A quality culture is, arguably, a set of taken-for-granted practices that encapsulate the ideology of the group or organisation.
Quality (1985) culture is a specific aspect of organisational culture, which is defined, for example by Robbins (2001) as 'the social glue that helps to hold an organisation together'. Schein had suggested that 'the culture of an organisation is made up of many variables—modes of interaction, assumptions, rituals, membership, structures, control mechanisms and so on'.

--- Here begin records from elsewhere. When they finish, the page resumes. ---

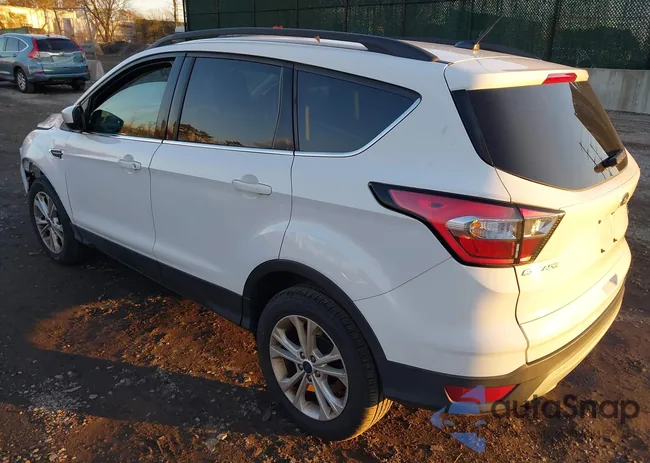 1FMCU9GD0JUA95468: 43820629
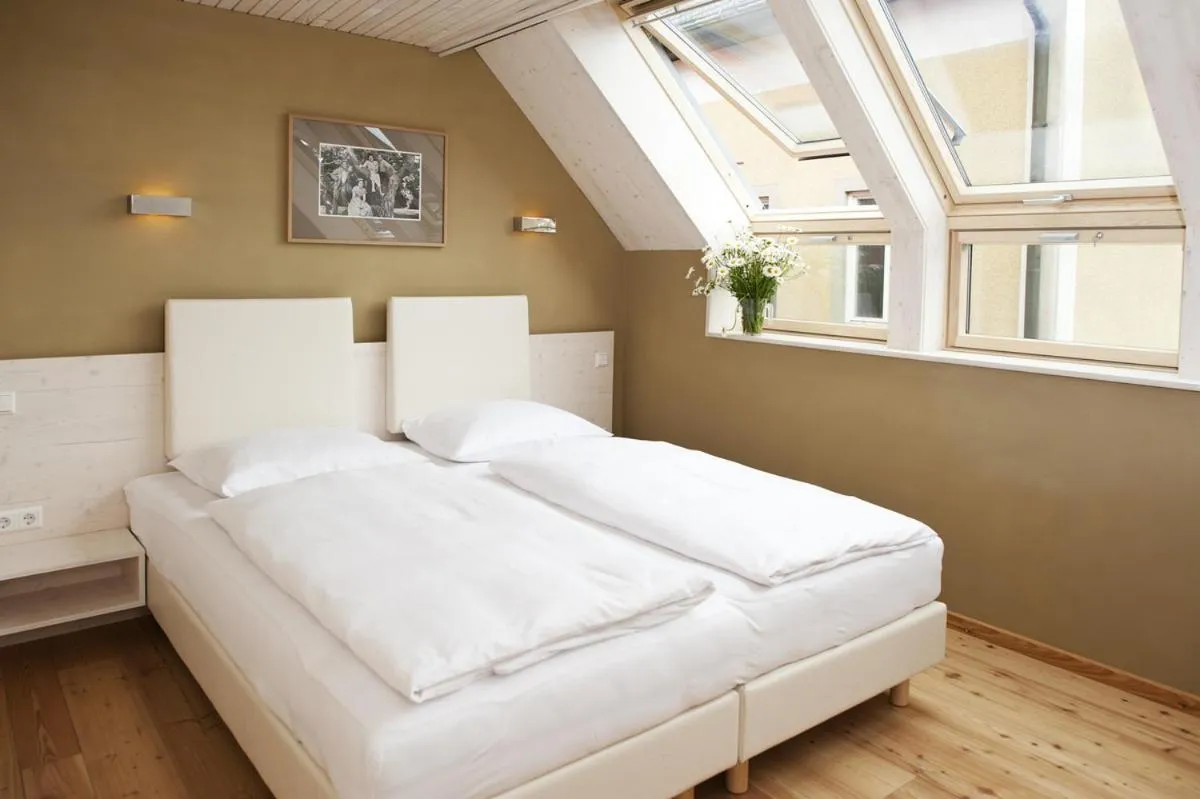 Bedroom, Bed in Familienhotel Weimar mit Ferienwohnungen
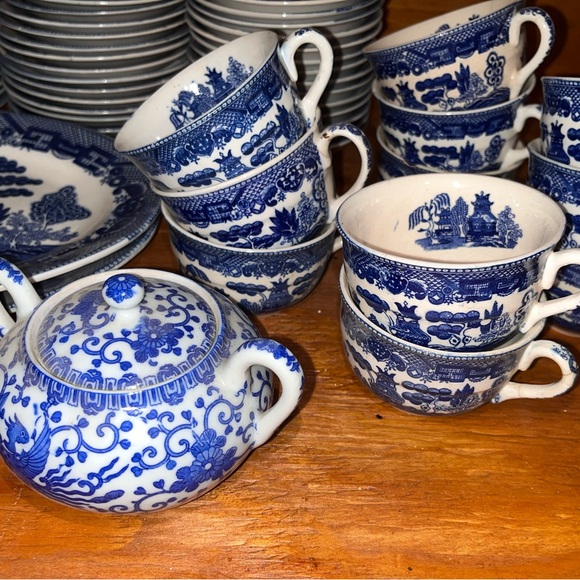 Vintage Blue Dish Set of 93 Pieces from Japan porcelain Tea-Dishes Sources Large - Picture 5 of 11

Harvey and Green (1993) outlined the nature of quality culture, which was seen, at the time, as a functuon of manufacturing industry:
A culture of quality is one in which everybody in the organisation, not just the quality controllers, is responsible for quality. A central feature of such organisations is that each worker or team of workers is both a customer of, and supplier to, other workers in the organisation: they form a chain of internal customers and suppliers. It is the responsibility of each unit to ensure the quality of their own work. The emphasis is on ensuring that things are ‘done right first time’. When they are not then the process that has led to an unsatisfactory output is analysed so that corrections can be made in the process to ensure that the problem does not arise again. In a quality culture there is no need to check final output. Indeed to do so, is to shift responsibility away from those involved at each stage.
Berings et al. (2010) state that the Flemish Bologna Expert Team had a working definition as follows:
quality culture is an organisational culture which contributes to the development of effective and efficient care for quality.
Berings et al. (2010), futhermore, argue that:
By using the concept 'care for quality' and not 'quality management' or 'quality assurance' the Bologna experts'...definition leaves a sufficient degree of freedom for proponents as well as for opponents of the managerial approach of quality in higher education (Helms et al., 2001; Youssef et al., 1998). Moreover it can stimulate a fruitful debate about the relation between the system and cultural approach and the dialectic nature of quality culture in itself (Harvey & Stensaker, 2008). Such a dialectical approach is also the core principle of the conceptual framework of Berings (2006; 2009) that is inspired by the work of Quinn and his colleagues on competing values (Cameron, 1986; Cameron & Quinn, 1999; Quinn, 1988).
Rapp (2011, p. 6) in the foreword to the EUA publication Examining Quality Culture Part 2:
The notion of quality culture is understood here as comprising (i) shared values, beliefs, expectations and commitments toward quality (ii) that are supported by structural and managerial elements and processes that enhance quality. Why is quality culture important? Simply stated, it is because it is the most effective and meaningful way that quality assurance mechanisms can ensure and improve quality levels and support a dynamic of change in universities.
The Office for National Education Standards and Quality Assessment, Thailand, (2012) states:
Quality culture: includes thinking processes, communication, action, and decision-making, which will lead to a better quality of the educational system and organization.
Hanze University of Applied Sciences, Groningen, (2011) states:
Culture of quality: Hanze (UAS) Groningen strives at a culture of quality in which quality and quality improvement can thrive. This culture is expressed in four key values: (1) individual development, (2) respect and 'active tolerance', (3) an entrepreneurial spirit and (4) responsibility.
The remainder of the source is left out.